Mas 1983 seria, infelizmente, o melhor e o pior ano da sua carreira. Neto recusou uma oferta para correr nos Estados Unidos por uma equipe profissional, visto que seu objetivo era o campeonato mundial. De volta ao Brasil, sofreu um gravíssimo acidente em Interlagos, quando se preparava para disputar o Mundial. Alguém fechou o anel externo de Interlagos e não avisou a equipe, pois já era final de tarde e Neto estava nos boxes. Devem ter “achado” que ele não treinaria mais. Neto saiu para mais umas voltas e na última delas resolveu usar o anel externo. Bateu a mais de 200 km na barreira de proteção – que ele não enxergou porque tinham colocado fogo no matagal ao lado do autódromo. Fraturas e mais fraturas, meses de fisioterapia e a temporada de 1983 se foi.

De 1984 a 1989, Neto sempre voltou a Europa para tentar correr no Mundial da 250 cm³. Mas a falta de estrutura impediu-o de atingir o seu grande objetivo: ser campeão mundial. Braço, talento, técnica e amor para isso não faltavam. Em 1985, Neto conseguiu juntar dinheiro e disputou a maior parte do Campeonato Mundial com uma moto espanhola, a JJ Kobas. Era um fabricante pequeno, mas cujas motos eram competitivas – equipes bem estruturadas conseguiram vencer corridas usando motos da marca.

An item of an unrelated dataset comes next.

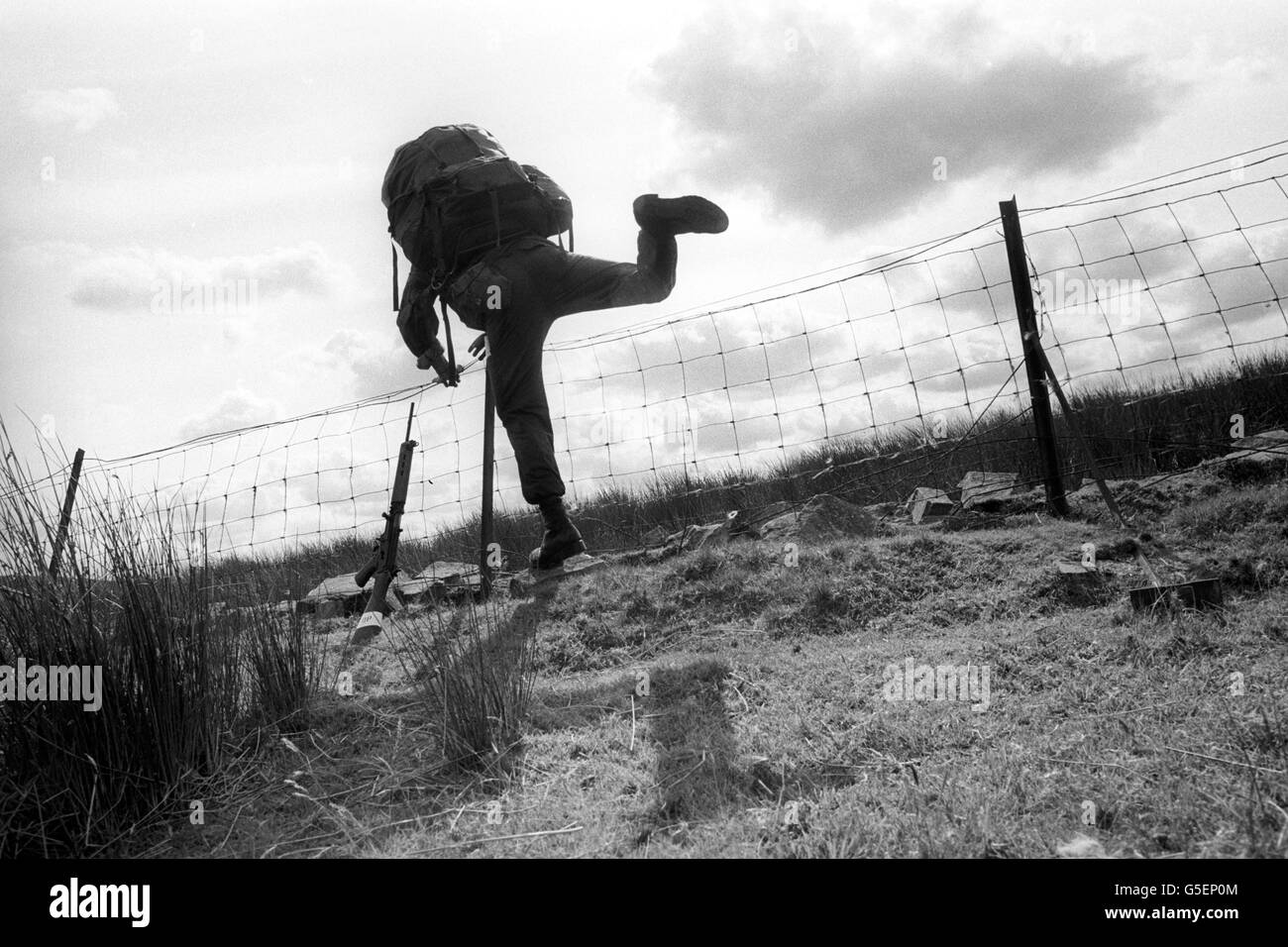 Une recrue SAS pour l'aile territoriale s'attaque à une clôture, pondérée avec un pack de 45 lb, lors de marches d'endurance dans les Brecon Beacons, au pays de Galles. Banque D'Images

Naquele ano, o badalado Freddie Spencer correu nas categorias 250 cm³ e 500 cm³, e venceu os dois campeonatos. Nas vezes em que Neto andou junto com Spencer, pôde perceber que freava 10 metros depois do norte-americano. Outro que conheceu quem era Netinho foi o tricampeão Anton Mang. Em Le Mans, durante treinos para o GP da França, Neto passou o alemão como quis – por dentro, por fora, a ponto do Mang ficar tão puto que na hora de sinalizar que ia entrar para os boxes ele não levantou a perna de lado (sinalização padrão que os pilotos fazem): ele CHUTOU Neto. Por sorte a entrada dos boxes ficava logo após uma curva. Neto deitou ainda mais a moto e foi embora!

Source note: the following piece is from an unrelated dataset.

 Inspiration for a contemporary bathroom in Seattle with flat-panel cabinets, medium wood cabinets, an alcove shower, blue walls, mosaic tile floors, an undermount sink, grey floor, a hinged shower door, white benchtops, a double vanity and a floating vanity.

Em uma dessas idas à Europa, mais precisamente em 1982, Neto levou provavelmente o único tombo em que o piloto não se preocupou nem consigo mesmo e nem com a moto. Ele se preocupou mesmo foi com a grana que levava no macacão – nada menos que um polpudo maço de dólares! Naquela época, o Brasil não tinha cartões de crédito internacionais (o governo proibia, como forma de conter a remessa de dinheiro para o exterior) e Neto estava sozinho na Itália com toda essa grana no bolso – seu cunhado havia ido à Áustria para buscar uns motores. Sem ter uma pessoa de confiança para deixar o dinheiro, Neto escondeu a grana no macacão e foi para a pista treinar. Levou um tombo, o macacão rasgou e o dinheiro saiu voando. Enquanto rolava no chão, só pensava na grana! Não, ninguém roubou Neto – pelo contrário, os bandeirinhas ajudaram a catar o dinheiro.

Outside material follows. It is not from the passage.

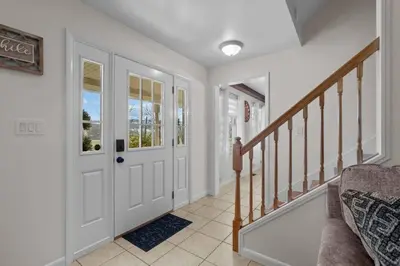 a hallway with a white door and a staircase at Peaceful Valley Retreat in Elliottsburg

Infelizmente a falta de estrutura (paitrocinio tem limites) impediu Neto de fazer uma temporada completa com uma moto competitiva. Isso acabou não só cansando, mas também fazendo com que o tesão e o amor pelo esporte fossem diminuindo. Neto admira Alexandre Barros justamente pela capacidade de, após tantos anos de carreira, subir numa moto com o mesmo amor que tinha quando começou. Neto o define como “carne de pescoço”, aquele cara f…da de passar, que você não quer atrás de si de jeito nenhum. Tem certeza que Alexandre será campeão do mundo assim que tiver moto, pois braço, raça e determinação para isso não lhe faltam.

Hoje, Antônio Jorge Neto corre na Stock-Car V8 brasileira e alimenta seu tesão pela velocidade correndo sobre quatro rodas. “Fiquei velho e coloquei mais duas”, brinca.

“É a mesma coisa?”, perguntei.

“De jeito nenhum. A moto e eu éramos um só, uma coisa que não tem como explicar. Levar uma moto ao limite para mim era natural, era quase como se não houvesse limite, chegava a assobiar dentro do capacete para o cara da frente. Não que estivesse desrespeitando o adversário, tenho o maior respeito por todos os pilotos de todas as categorias do esporte a motor, pois sei como é difícil chegar lá. Simplesmente o meu limite era maior que o dos outros. Diversas vezes pediram para ‘ir de leve’, mas eu ria quando falavam isso, pois sabia o que estava fazendo. Essa é a questão: quando a gente sabe o que está fazendo, não tem razão para ter medo”. Palavras de um campeão!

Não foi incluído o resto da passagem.